=== RECORDS ===
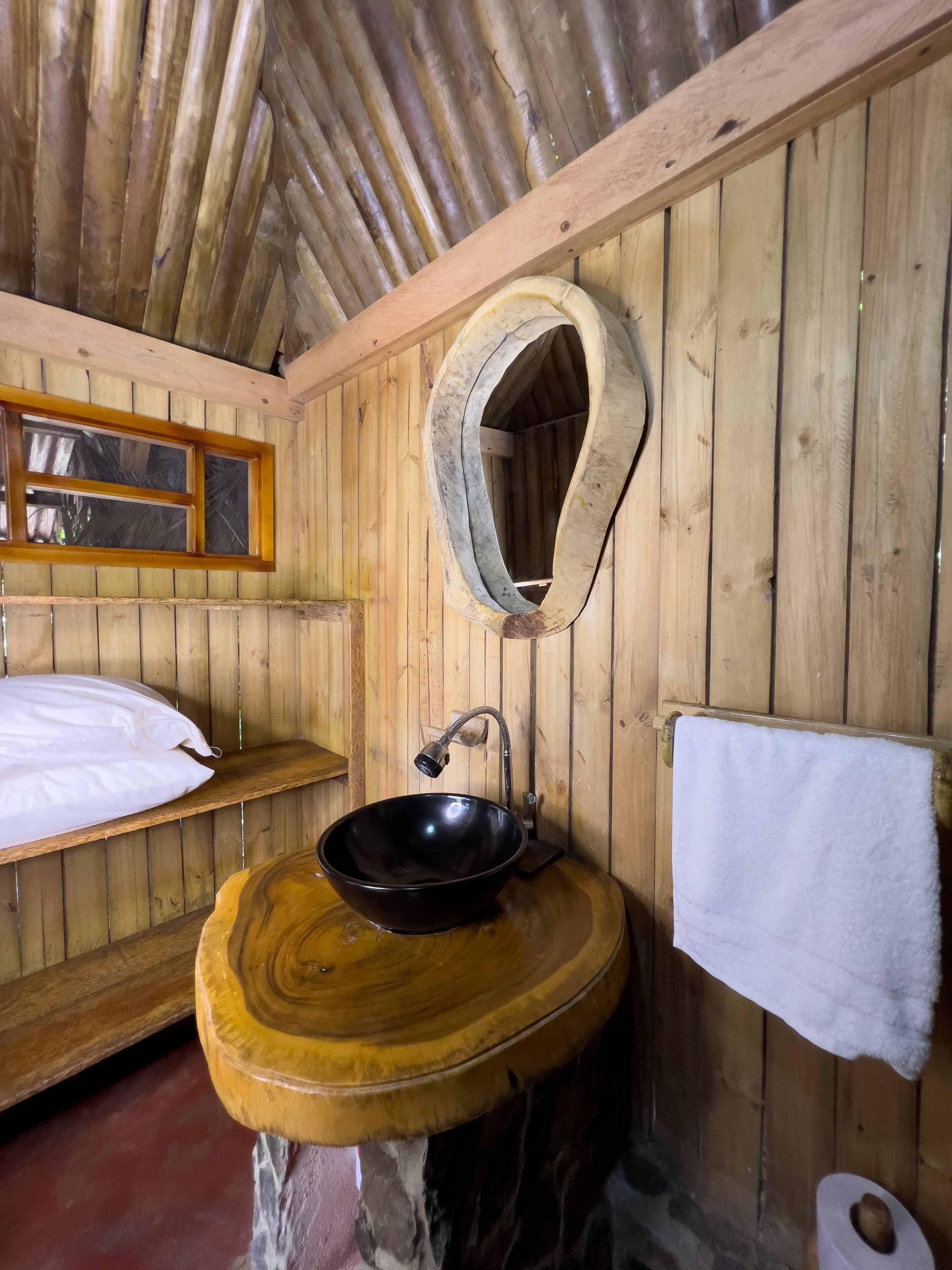 Interieur van een houten hutje met een ronde houten wastafel, een spiegel, een bed met witte lakens en een handdoek aan de muur.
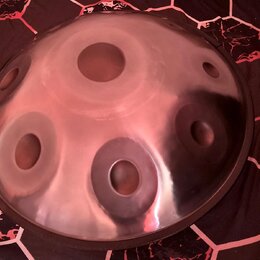 Kupolovitý kovový nástroj typu steel tongue drum v stříbrné barvě. Povrch je lesklý a obsahuje několik kruhových výřezů různých velikostí. Nástroj je…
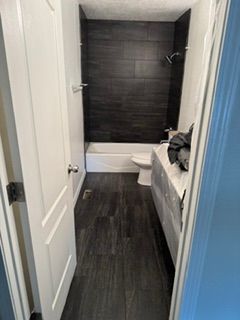 Narrow bathroom with dark wood floor, white walls, tub-shower at the back, and a toilet beside a countertop.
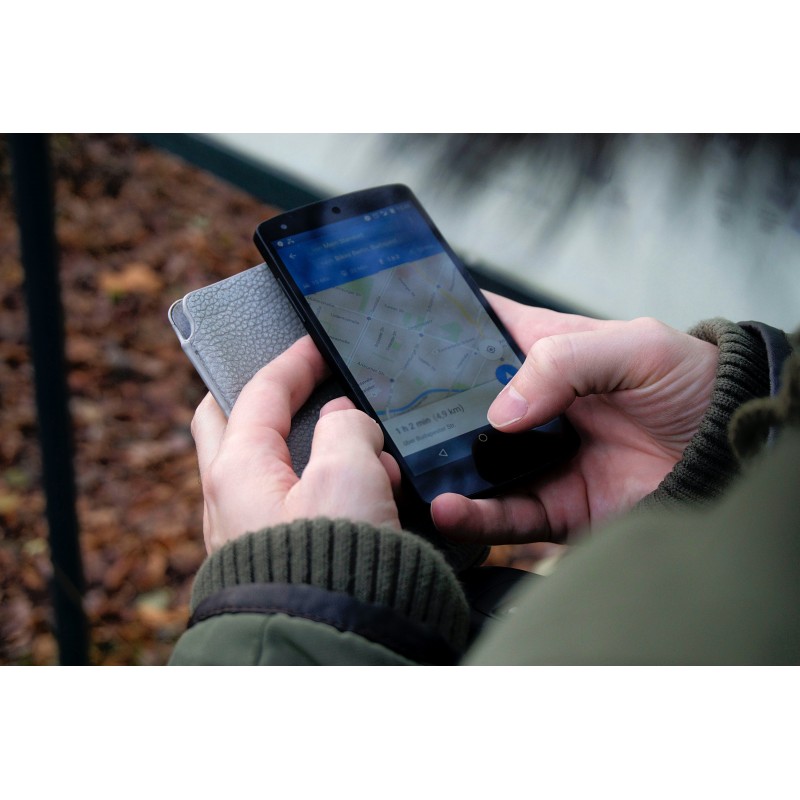 Une personne tenant un portable vérifie sa géolocalisation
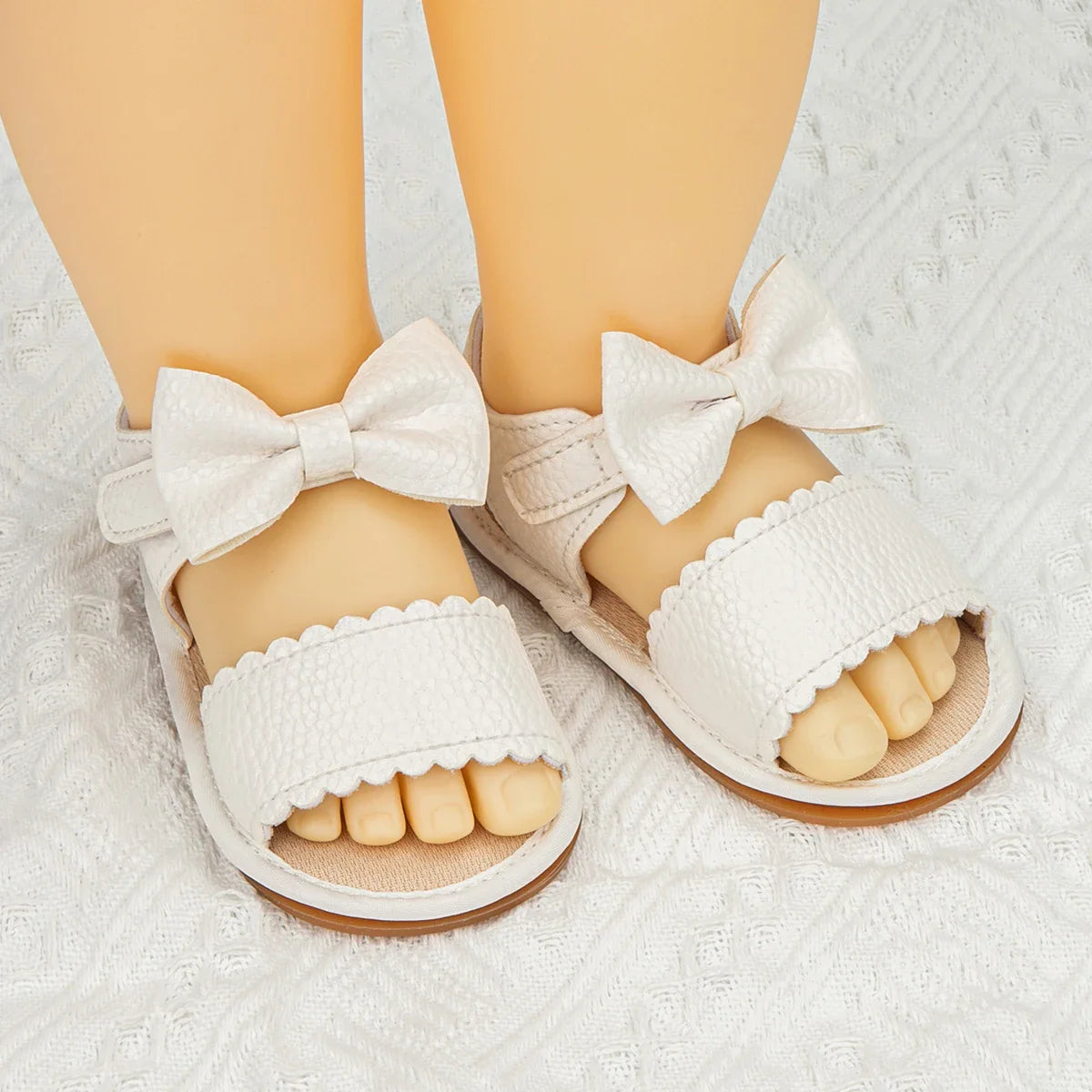 Stylish pink PU leather baby sandals with a cute bowknot, essential summer footwear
===
Transcribe, from the records above, the first line and every line after it up to and including the line with "Kupolovitý kovový nástroj"; omit pictures.

* [ANSWER TO THIS TASK]
 Interieur van een houten hutje met een ronde houten wastafel, een spiegel, een bed met witte lakens en een handdoek aan de muur.
 Kupolovitý kovový nástroj typu steel tongue drum v stříbrné barvě. Povrch je lesklý a obsahuje několik kruhových výřezů různých velikostí. Nástroj je…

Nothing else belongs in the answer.